Both SEALAB divers and COMEX approached Rolex with this issue, who responded with an innovative solution. A small one-way pressure relief valve was added to the side of the watchcase. As pressure inside built, the valve would open, releasing the helium. Rolex patented the gas escape valve and used it on its Sea-Dweller, a watch built for perhaps the narrowest target market: commercial and military saturation divers. Despite its niche appeal, the helium release valve is found on many dive watches today, much to the confusion of their owners, who will never find themselves breathing heliox hundreds of feet beneath the North Sea.

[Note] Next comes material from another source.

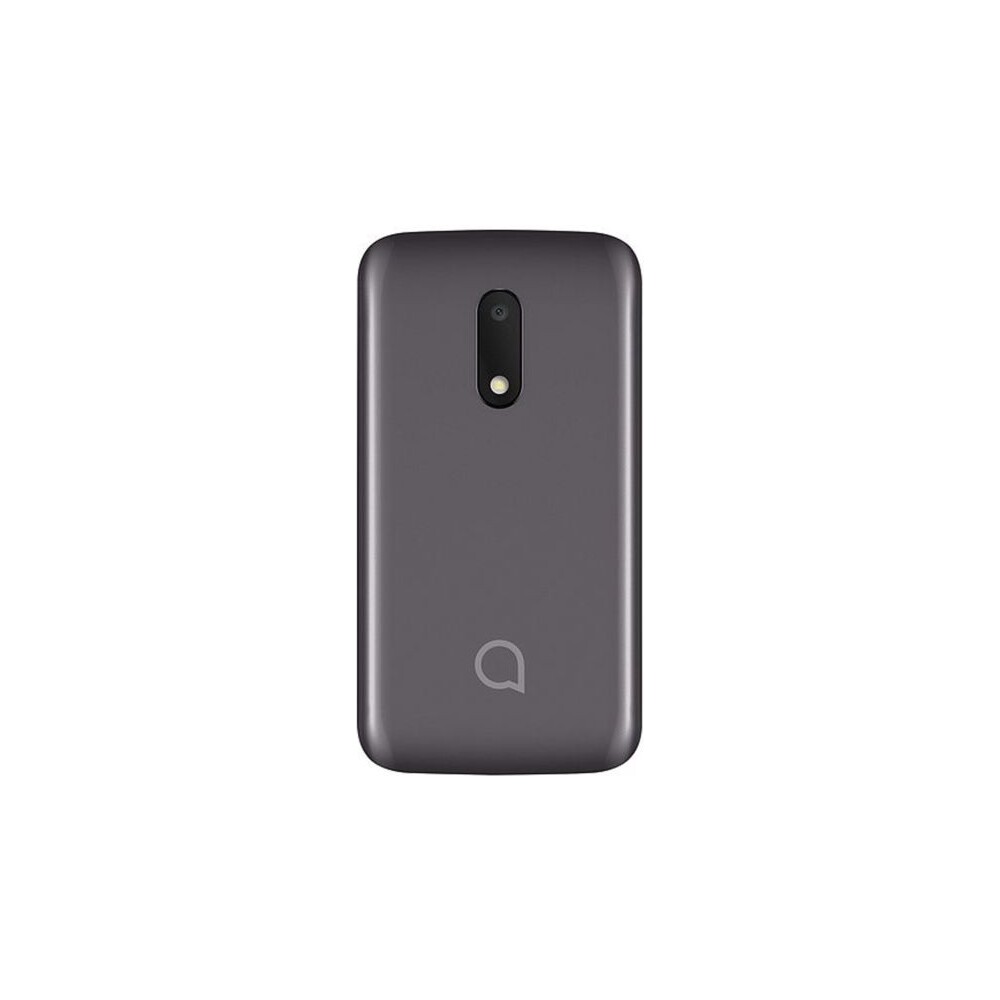 Alcatel 3025X šedý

4) Omega Seamaster 600 Plongeur Professionel
At the same time COMEX was working with Rolex on the development of the Sea-Dweller, it was also in talks with Omega for the creation of their own commercial diving super-watch. Omega took a different approach to the helium gas problem. Instead of building in a relief valve, the company decided to simply make its watch impenetrable, even to the tiniest atoms. This led to the creation of a massive monobloc-cased leviathan officially called the Seamaster 600 Plongeur Professionel (Professional Diver) but known to most people today as the “Ploprof”.
The watch left any notion of everyday wearing behind; it was huge and heavy, with a squared-off profile. The crown protruded from the left side of the case, protected by a block of steel and its massive fluted bezel could only be turned by pressing a bright release button while twisting. The Ploprof was rated for 600m of water resistance but in reality, it was tested to more than twice that pressure. The watch took four years to develop, finally making its debut in 1970, though not to much commercial success, due in large part to its unconventional looks and gargantuan size.
5) Doxa SUB 300T
As commercial diving was booming, so, too, did recreational scuba diving as a pastime for adventurous travellers. These divers still needed a reliable time reference and, although by the late 1960s there were plenty of diving watches available, most were stark timepieces based on military-spec designs. Doxa, a small brand based in Le Locle, started with a blank sheet of paper, not unlike Maloubier did for his military dive watch, and designed the perfect watch for the recreational diver. The result was the SUB 300T, one of the most completely purpose-built timepieces ever devised.
Nothing about the SUB 300T was compromised for topside use. Its trademark orange dial and huge tritium markers provided unmistakable legibility in dark or murky conditions. The hour hand, unimportant on a bottom timer, was shrunk until it was almost vestigial while the all-important minute hand was enlarged and the sweep seconds hand had a big blocky flag at its terminus. The rotating elapsed-time bezel, which stood high off the tonneau-shaped case, had a saw-tooth edge for optimum grip with wet hands and engraved on its steel surface were not only time markings but also the associated depths at which a diver could stay before having to decompress. Finally, the Doxa’s steel bracelet had a spring-loaded expanding clasp for use over a wetsuit sleeve. When it debuted, the SUB 300T was the purest form of diving watch and wearing one left little doubt as to your hobbies. So respected was the watch that Jacques Cousteau wore one and endorsed it by it exclusively wearing it through his years in the US Divers Corporation.